Reputation: 3587
I am joining a large number of rdd's and I was wondering whether there is a generic way of removing the parenthesis that are being created on each join.
Here is a small sample:
val rdd1 = sc.parallelize(Array((1,2),(2,4),(3,6)))
val rdd2 = sc.parallelize(Array((1,7),(2,8),(3,6)))
val rdd3 = sc.parallelize(Array((1,2),(2,4),(3,6)))
val result = rdd1.join(rdd2).join(rdd3)
res: result: org.apache.spark.rdd.RDD[(Int, ((Int, Int), Int))] = Array((1,((2,7),2)), (3,((4,8),4)), (3,((4,8),6)), (3,((4,6),4)), (3,((4,6),6)))
I know I can use map
result.map((x) => (x._1,(x._2._1._1,x._2._1._2,x._2._2))).collect
Array[(Int, (Int, Int, Int))] = Array((1,(2,7,2)), (2,(4,8,4)), (3,(6,6,6)))
but with a large number of rdd's each containing many elements it quite quickly becomes difficult to use this method
Upvotes: 1
Views: 152
Reputation: 330413
With a large number of rdd's each containing many elements this approach simply won't work because the largest built-in tuple is still Tuple22
. If you join homogeneous RDD some type of sequence:
def joinAndMerge(rdd1: RDD[(Int, Seq[Int])], rdd2: RDD[(Int, Seq[Int])]) =
rdd1.join(rdd2).mapValues{ case (x, y) => x ++ y }
Seq(rdd1, rdd2, rdd3).map(_.mapValues(Seq(_))).reduce(joinAndMerge)
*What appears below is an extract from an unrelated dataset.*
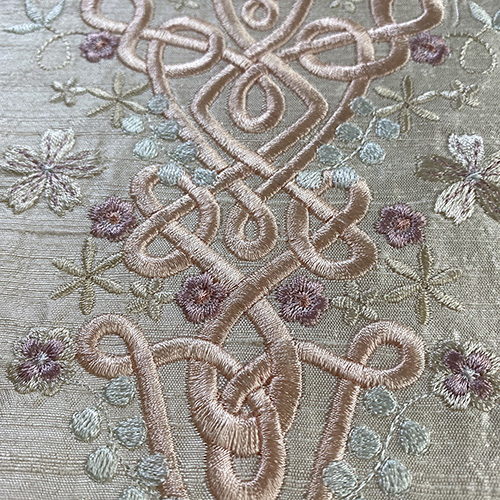 Tutorial 11: Taking Celtic Embroidery to a new level | OregonPatchWorks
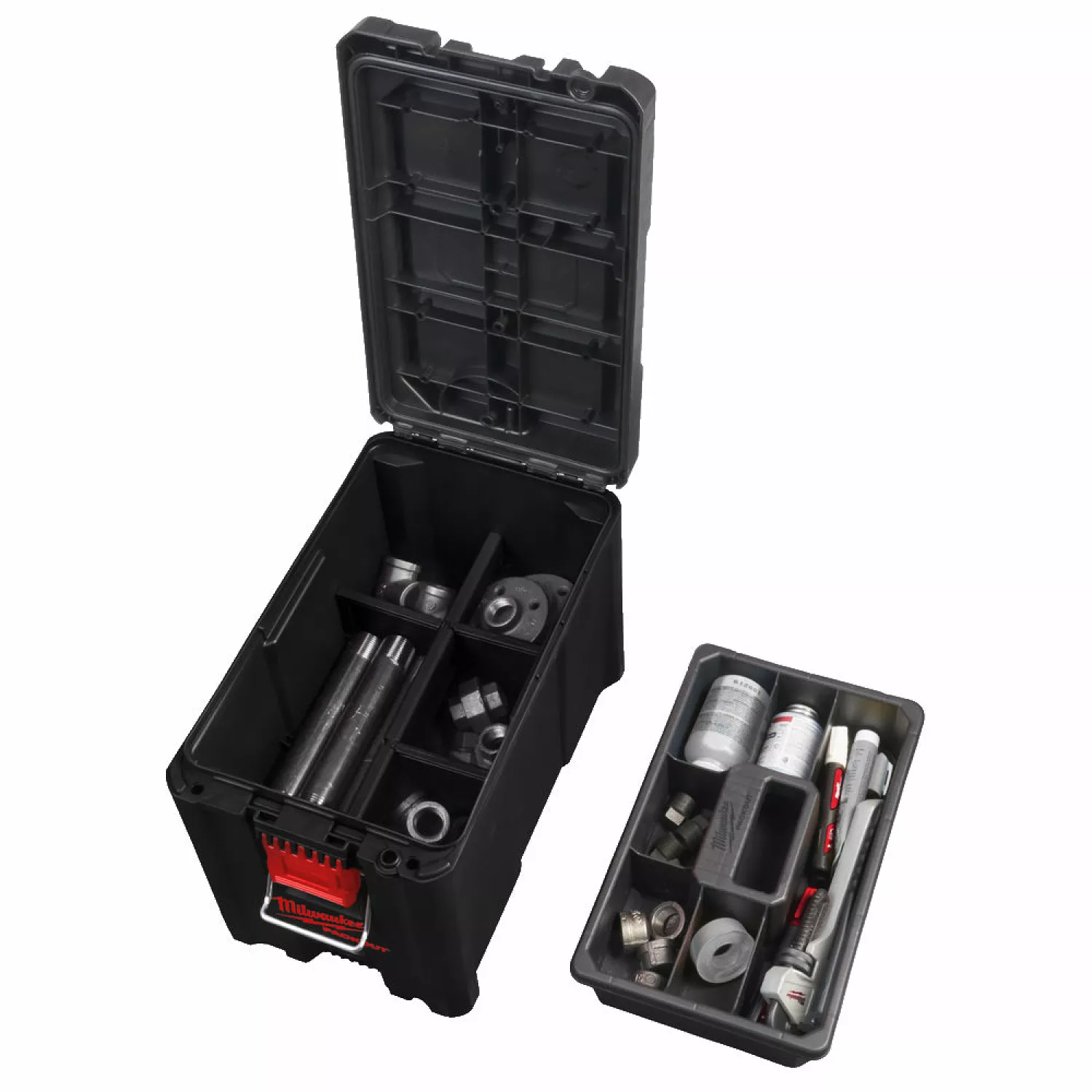 Milwaukee 4932471723 Packout Compact Box Gereedschapskist - 411 x 249 x 330mm-image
If you have only three RDDs it can be cleaner to use cogroup
:
rdd1.cogroup(rdd2, rdd3)
.flatMapValues { case (xs, ys, zs) => for {
x <- xs; y <- ys; z <- zs
} yield (x, y, z) }
If values are heterogenous it makes more sense to use DataFrames
:
def joinByKey(df1: DataFrame, df2: DataFrame) = df1.join(df2, Seq("k"))
Seq(rdd1, rdd2, rdd3).map(_.toDF("k", "v")).reduce(joinByKey)
Upvotes: 1